I have tested this (with good results) using efficientnet-v2-tensorflow2-imagenet1k-b0-classification-v2.tar.gz and efficientnet-v2-tensorflow2-imagenet1k-m-classification-v2.tar.gz.
The vision.yaml files I used was:

---
#b0
Models:
- Type: labels
  Name: efficientnet_b0
  Version: mobile
  Resolution: 224
  Output:
      Logits: true
- Type: nsfw
  Default: true
- Type: face
  Default: true
- Type: caption
  Name: qwen2.5vl
  Version: latest
  Prompt: Create an interesting caption that sounds natural and briefly describes
    the visual content in up to 3 sentences. Avoid text formatting, meta-language,
    and filler words. Do not start captions with phrases such as "This image", "The
    image", "This picture", "The picture", "A picture of", "Here are", or "There is".

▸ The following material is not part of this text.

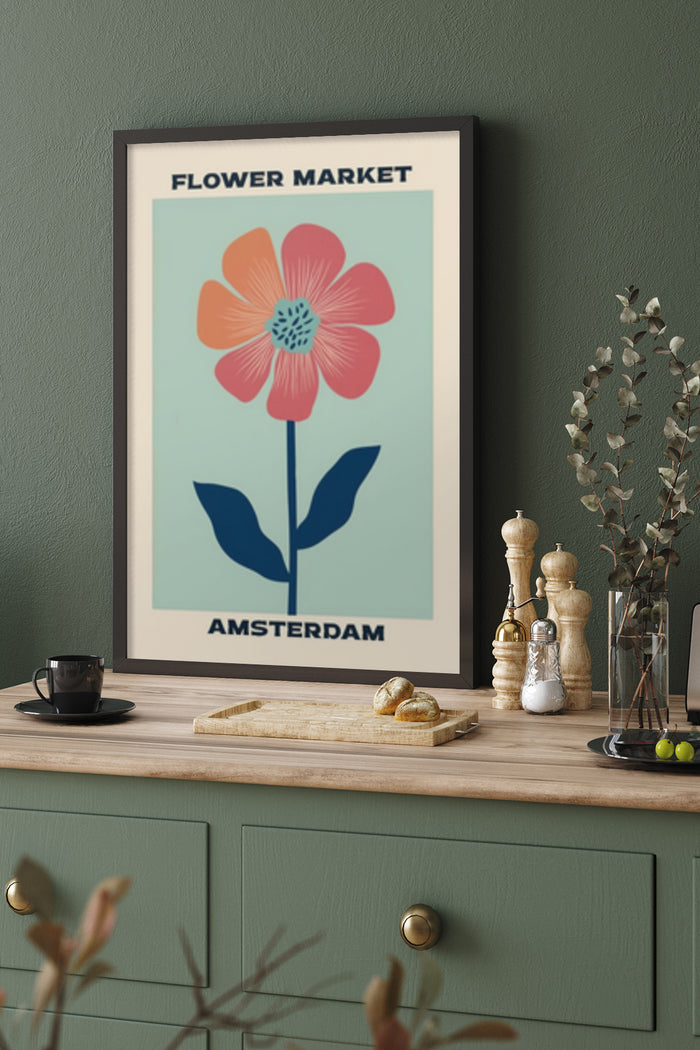 Amsterdam Flower Market Poster with a stylized red bloom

    Instead, start describing the content by identifying the subjects, location, and
    any actions that might be performed. Use explicit language to describe the scene
    if necessary for a proper understanding.
  Resolution: 720
  Service:
    FileScheme: data
    RequestFormat: vision
    ResponseFormat: vision
Thresholds:
  Confidence: 10
---
#m 
Models:
- Type: labels
  Name: efficientnet_m
  Version: mobile
  Resolution: 480
  Output:
      Logits: true
- Type: nsfw
  Default: true
- Type: face
  Default: true
- Type: caption
  Name: qwen2.5vl
  Version: latest
  Prompt: Create an interesting caption that sounds natural and briefly describes
    the visual content in up to 3 sentences. Avoid text formatting, meta-language,
    and filler words. Do not start captions with phrases such as "This image", "The
    image", "This picture", "The picture", "A picture of", "Here are", or "There is".

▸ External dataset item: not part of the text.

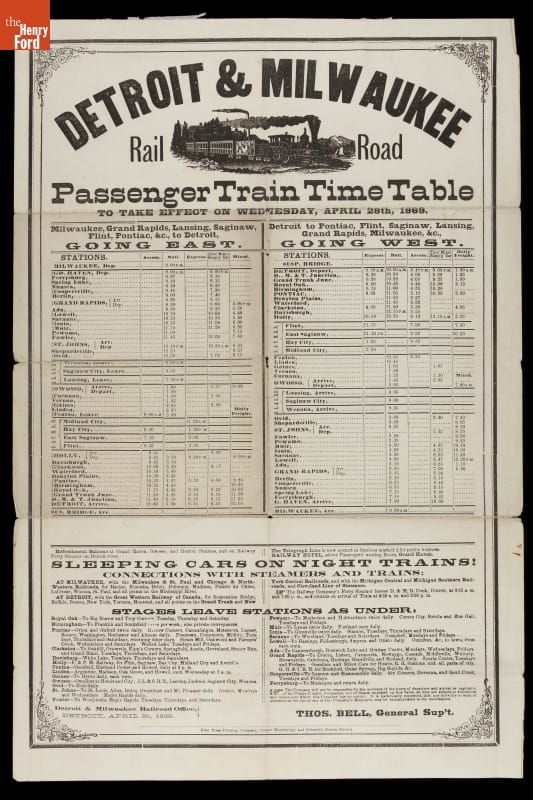 Detroit & Milwaukee Rail Road Passenger Train Time Table, 1869 Timetable with image of train and text showing train stops and times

    Instead, start describing the content by identifying the subjects, location, and
    any actions that might be performed. Use explicit language to describe the scene
    if necessary for a proper understanding.
  Resolution: 720
  Service:
    FileScheme: data
    RequestFormat: vision
    ResponseFormat: vision
Thresholds:
  Confidence: 10

Please, take into account that missing fields such as the input/output layer names or the model tags are read from the saved_model file, while others, have default values:

  • Default ColorChannelOrder: RGB
  • Default ResizeOperation: CenterCrop
  • Default Output Logits: False (By default we expect the last layer to be a Softmax).
  • Default Input Intervals: [0, 1] (If just one interval is specified, it will be used on the three channels).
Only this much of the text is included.